Chief Justice BILANDIC delivered the opinion of the court:

The plaintiff, Harry Luechtefeld, brought a declaratory judgment action in the circuit court of St. Clair County against Allstate Insurance Company seeking a determination of his rights to uninsured-motorist coverage under a policy issued to him by Allstate. The trial court granted Allstate's motion for summary judgment, finding that the policy unambiguously excluded the plaintiff's claim. The appellate court reversed, finding that although the policy excluded coverage, the purported exclusion was invalid for public policy reasons. (267 Ill.App.3d 222, 204 Ill. Dec. 640, 641 N.E.2d 1259.) We allowed Allstate's petition for leave to appeal (145 Ill.2d R. 315).

At issue in this appeal is whether an insurance policy may, consistently with public policy, exclude uninsured-motorist coverage for vehicles owned by the insured when such vehicles have uninsured-motorist coverage under another insurance policy.

The facts are not disputed. The plaintiff suffered personal injuries in an accident on December 10, 1990. The plaintiff was operating a motorcycle that he owned when he was struck by an uninsured motorist. The motorcycle was insured under a policy issued by Pekin Insurance Company to the plaintiff in November 1990. The Pekin policy provided uninsured-motorist coverage with limits of $20,000 per person/$40,000 per accident. The plaintiff settled his accident claim *1060 against Pekin for the full $20,000 limit of uninsured-motorist coverage.

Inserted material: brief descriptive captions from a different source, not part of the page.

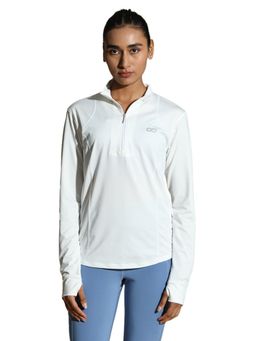 Silvertraq - Womens Ath Runner Zip Neck White
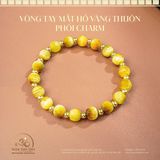  Vòng Tay Mắt Hổ Vàng 6x8mm Thuôn Phối Charm 
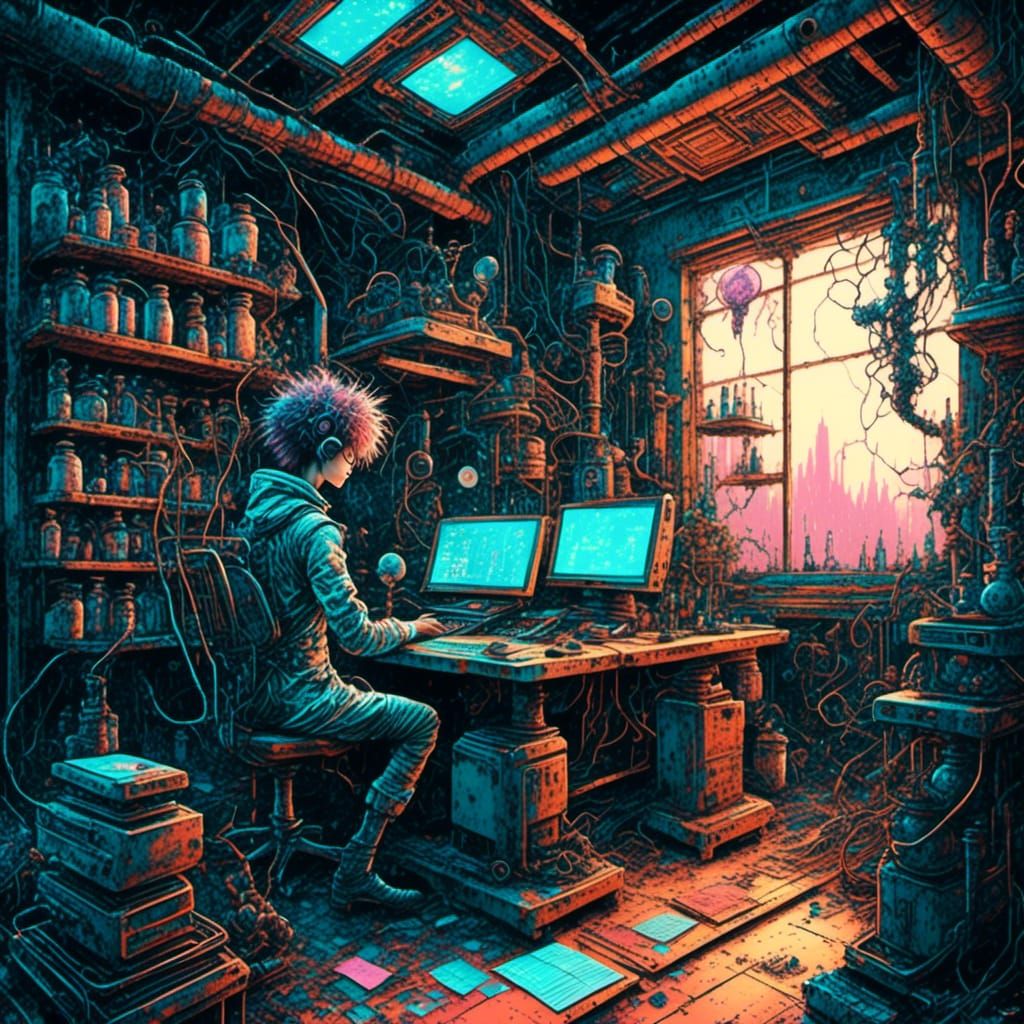 Mad scientist, post apocalyptic laboratory, cinematic, oil p...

The plaintiff was also the named insured in a policy issued by Allstate to cover three automobiles that the plaintiff owned. The Allstate policy provided uninsured-motorist coverage of $100,000 per person/$300,000 per accident. Because the plaintiff's injuries and damages allegedly exceeded the $20,000 settlement he received from Pekin, the plaintiff filed a claim with Allstate. The plaintiff claimed that the injuries he sustained in the motorcycle accident were covered under the uninsured-motorist provisions of the Allstate policy. Allstate denied the plaintiff's claim, citing an exclusionary clause in the policy. Allstate argued that this clause excluded the plaintiff's motorcycle from uninsured-motorist coverage because the motorcycle had uninsured-motorist coverage under another insurance policy, i.e., the Pekin policy.

The plaintiff then filed the instant declaratory judgment action, seeking a determination of his rights under the Allstate policy. The plaintiff claimed that the exclusionary clause was ambiguous and therefore must be construed against Allstate and in favor of coverage. In the alternative, the plaintiff argued that the exclusionary clause was unenforceable because it violated public policy. The plaintiff and Allstate filed cross-motions for summary judgment.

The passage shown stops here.